> Information supplied
%%

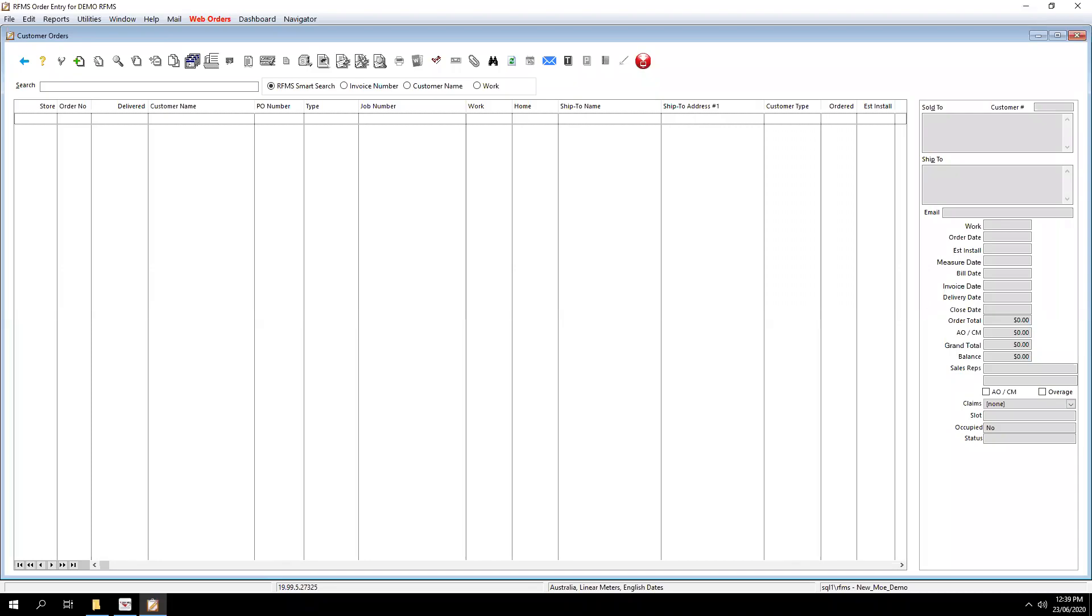Hi everybody, today I'm going to briefly show you how to set up the system options easily for a new user in RFMS.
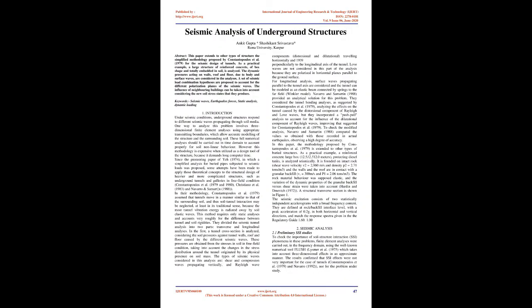Seismic Analysis of Underground Structures. Abstract: This paper extends to other types of structure the simplified methodology proposed by Constantopoulos et al., 1979, for the seismic design of tunnels.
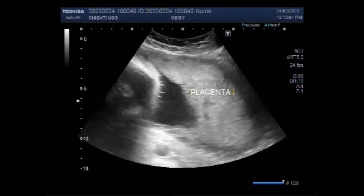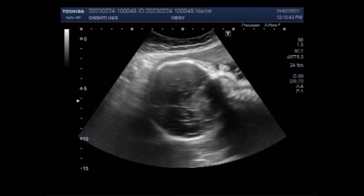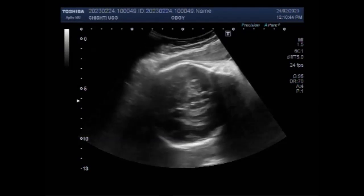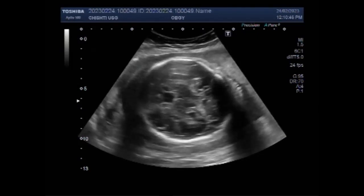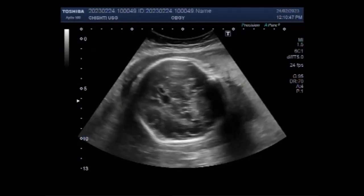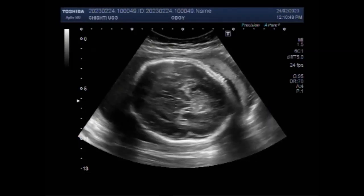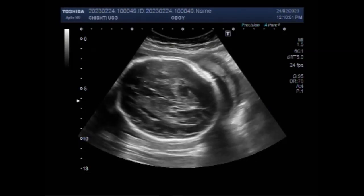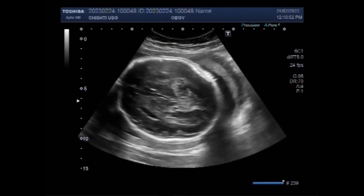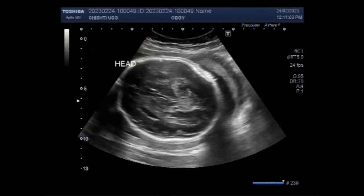Fetal ultrasound ultrasonography is the most important tool to provide prenatal diagnosis of fetal anomalies. The standard of static ultrasound examination includes documentation of arms and legs. A congenital limb defect is when an arm or leg doesn't form normally as a baby grows in the uterus.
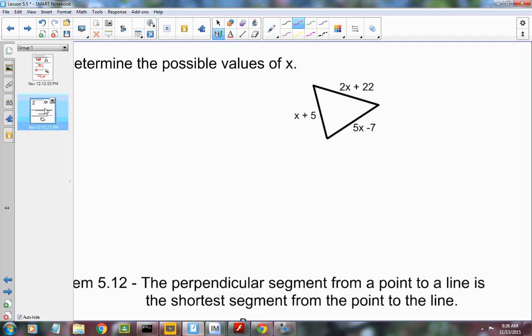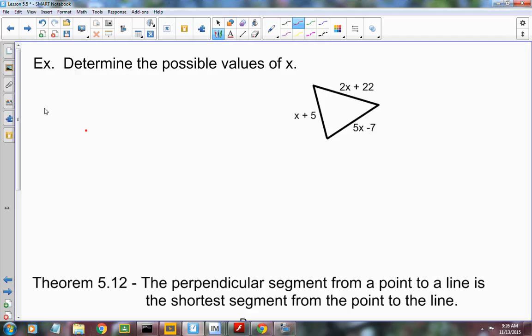What if they give you sides that are expressions? This requires more work because you don't know which are the two smallest. You have to look at all three combinations and come up with the best range of values. So I'll add the first two sides — x plus 5 plus 2x plus 22 — and set it greater than the third side, 5x minus 7. Then I'll do the other combinations as well.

%%

> Work instruction
Word for word, restate the lines from the first line of the material through the line containing "Seismic Analysis of", with the pictures left out.

> Answer to the exercise
Hi everybody, today I'm going to briefly show you how to set up the system options easily for a new user in RFMS.
Seismic Analysis of Underground Structures. Abstract: This paper extends to other types of structure the simplified methodology proposed by Constantopoulos et al., 1979, for the seismic design of tunnels.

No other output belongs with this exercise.